The technique, developed by researchers at the Karolinska Institutet in Stockholm, involves creating a three-dimensional biological scaffold made with human or animal tissue then inserting the patient's stem cells to regenerate and transplant organs.

It needs no human donors, has no problems with rejection, and has no need for immunosuppressive drugs, the researchers explained in a paper published in The Lancet.

"Such an approach has already been used successfully for the repair and reconstruction of several complex tissues such as the trachea, oesophagus, and skeletal muscle in animal models and humans," said Paolo Macchiarini who led the study.

"Guided by appropriate scientific and ethical oversight, [this] could serve as a platform for the engineering of whole organs and other tissues, and might become a viable and practical future therapeutic approach to meet demand after organ failure," he added.

There is a bid crisis in whole organ donor supply because of an ageing population. Every year in the US alone, about 1,20,000 people die from lung diseases, 112 000 from kidney failure and 425 000 from heart disease. And those who manage to get a donor organ still face life-long expensive and dangerous immunosuppressive therapy.

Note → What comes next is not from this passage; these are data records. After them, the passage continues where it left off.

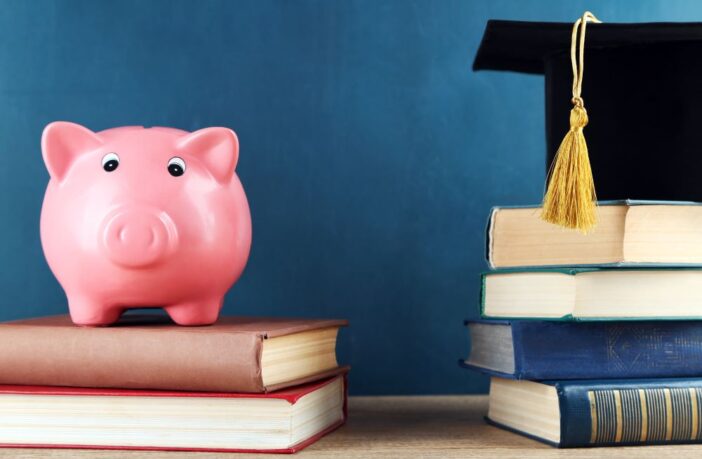 Image shows piles of books with a piggy bank and graduation cap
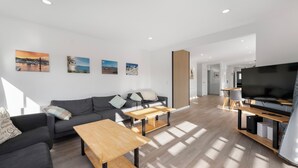 Ein modernes Wohnzimmer mit Sofa, Couchtisch, Fernseher und Kunstwerk an der Wand.
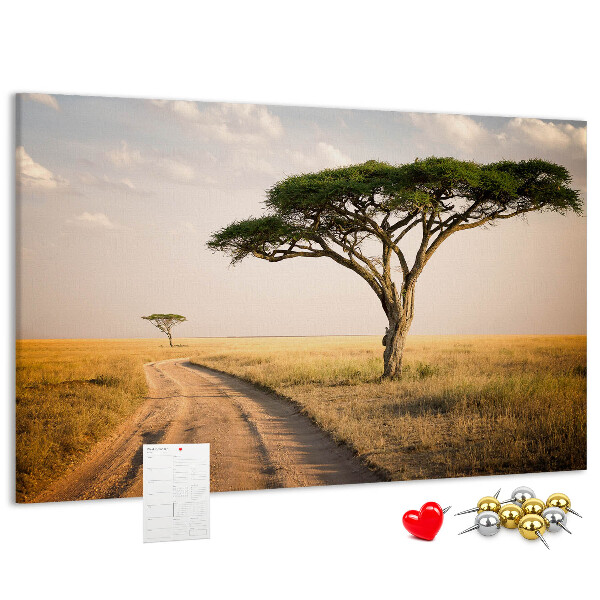 Pizarra de corcho con diseño de paisaje africano y un árbol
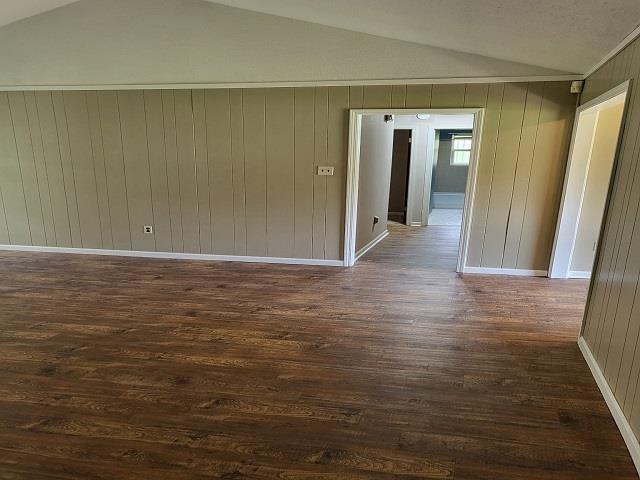3786 Brandywine Cv, Memphis, TN 38115 - unfurnished room featuring lofted ceiling, dark wood finished floors, and wooden walls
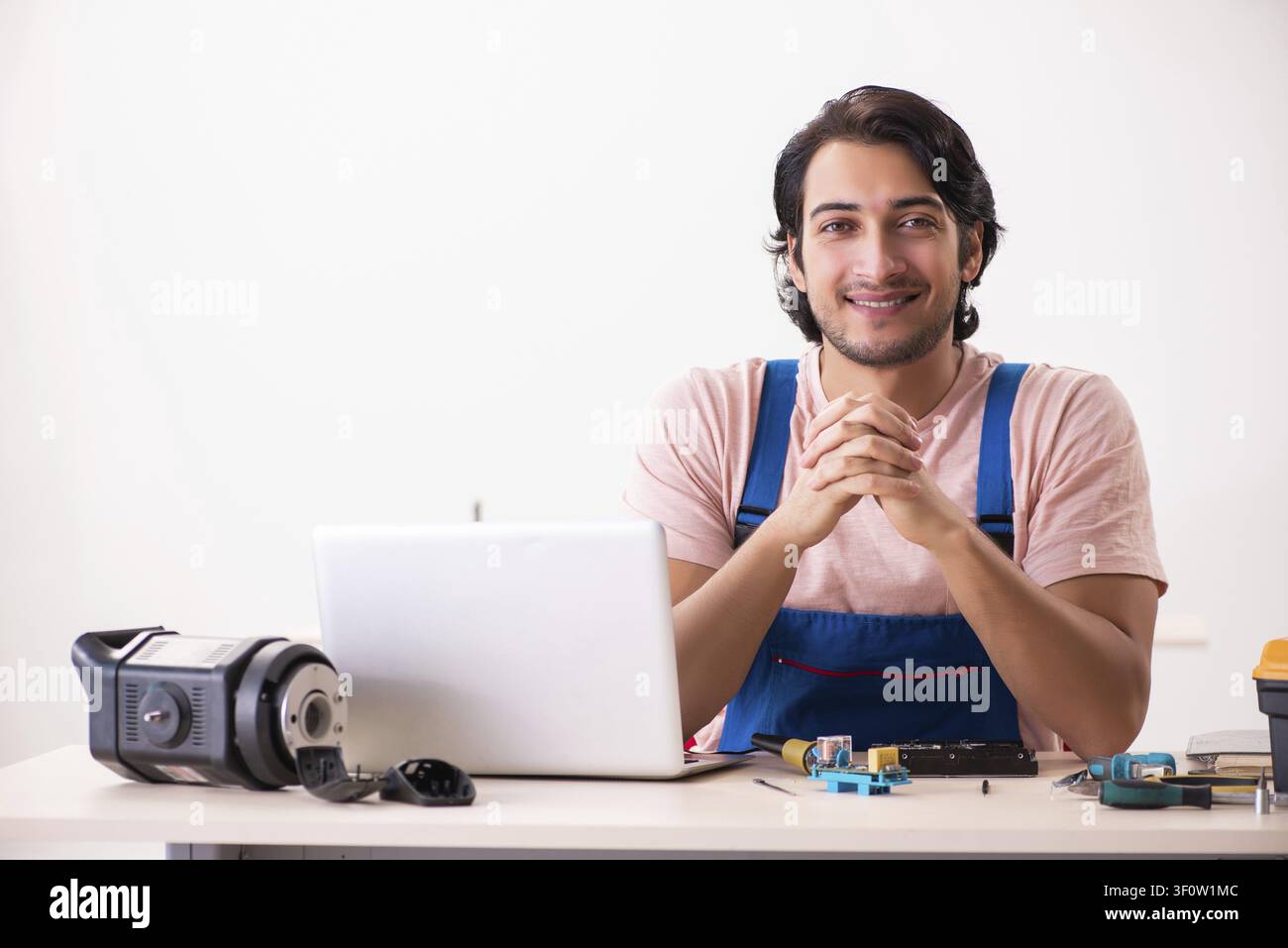 Young male contractor repairing computer Stock Photo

In 2008, Prof Macchiarini and his team transplanted a trachea into a 30-year-old woman in Barcelona grown from her own cells. In her case, the trachea was taken from a donor, stripped of all its living cells and reseeded with stem cells taken from her bone marrow before being grown in a "bioreactor", the Independent reported.

In a second operation carried out at Great Ormond Street Hospital in London in 2010, a British team assisted by Prof Macchiarini performed a similar operation on a 10-year-old boy, who had been born with a narrow windpipe.

In his case the donor trachea was transplanted into his chest as soon as it had been reseeded with stem cells taken from his bone marrow.

Prof Macchiarini, however, explained that identifying the best cell sources for different organs, as well as the ideal scaffold material, were among the challenges that would need to be addressed before widespread clinical use could be adopted.

"For clinical trials, due consideration needs to be given to who to recruit: suitable patients should be able to provide competent consent, have some amount of social support, have few comorbidities, and be willing to face loss of privacy," he said.

As well as scientific challenges, more needs to be done to address the numerous ethical issues raised by this new technology, the researchers said and called for policies to tackle issues such as transparency about the techniques used, cell sources, financial costs, informed consent etc.

Commenting on the study, Dusko Ilic from King's College London and Julia Polak from Imperial College London said: "Although several questions are unresolved, the promise of an off-the-shelf scaffold that can be repopulated with autologous stem cells expanded in vitro seems much closer than one could have hoped for even a few years ago."